*TASK TO CARRY OUT*
Below are entries; copy exactly, and only, the lines from the one containing "Read How to" through their final line, leaving out pictures.

[[ PROVIDED INFORMATION, beginning ]]

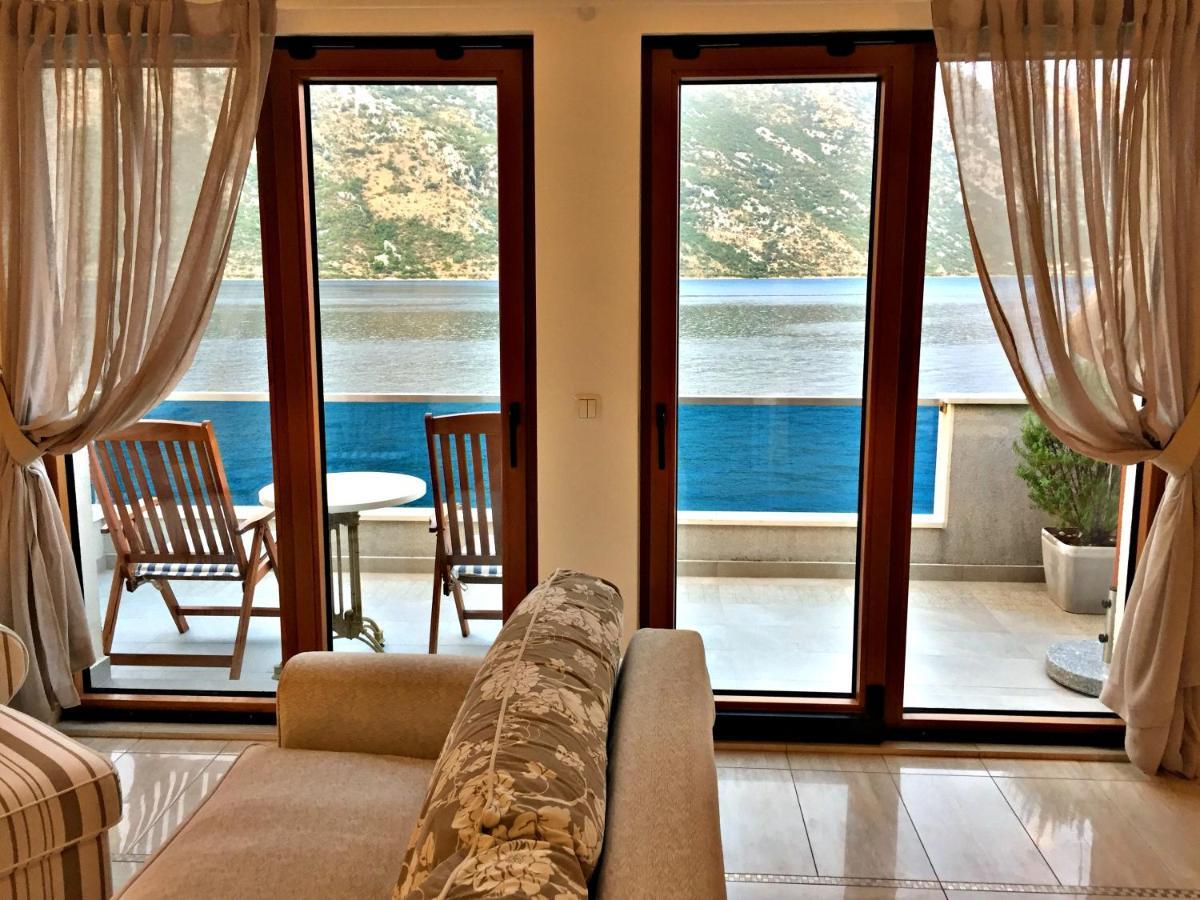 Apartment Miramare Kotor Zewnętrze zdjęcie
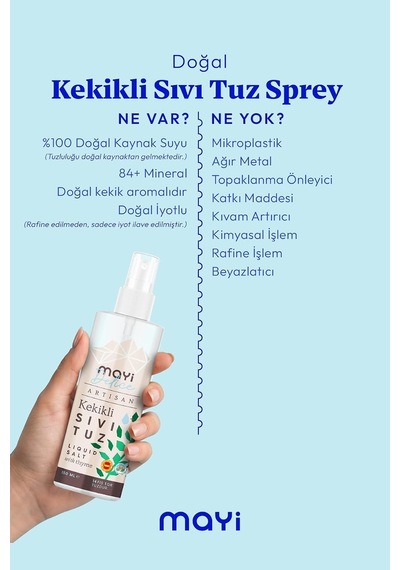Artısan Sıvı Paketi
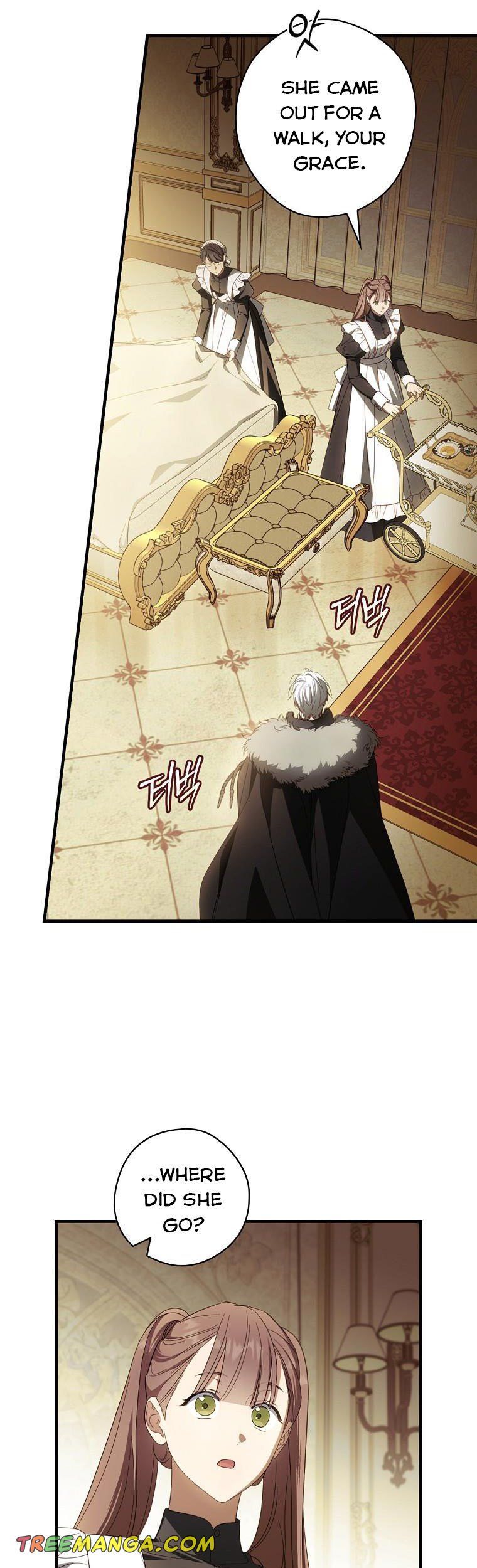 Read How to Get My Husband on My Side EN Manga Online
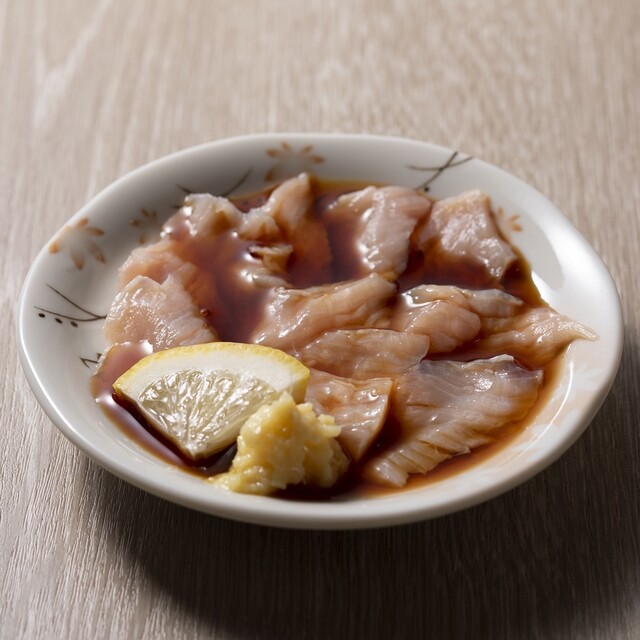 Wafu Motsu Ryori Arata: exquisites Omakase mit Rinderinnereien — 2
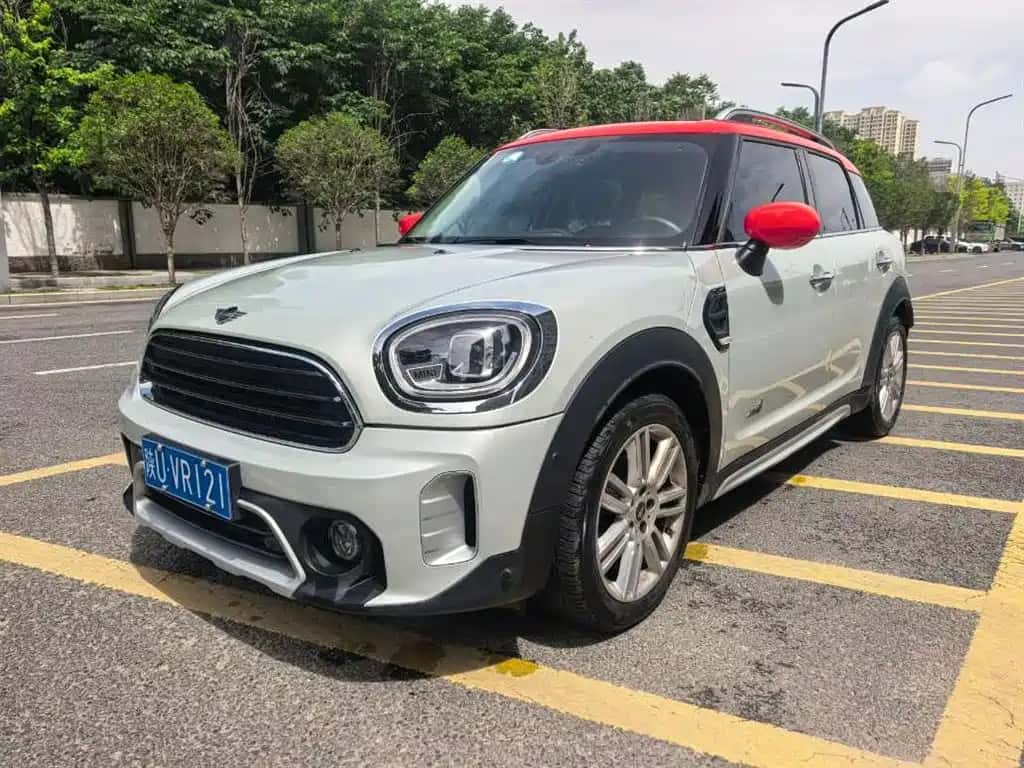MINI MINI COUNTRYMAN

[[ PROVIDED INFORMATION, end ]]

*RESULT OF THE EXERCISE*
 Read How to Get My Husband on My Side EN Manga Online
 Wafu Motsu Ryori Arata: exquisites Omakase mit Rinderinnereien — 2
MINI MINI COUNTRYMAN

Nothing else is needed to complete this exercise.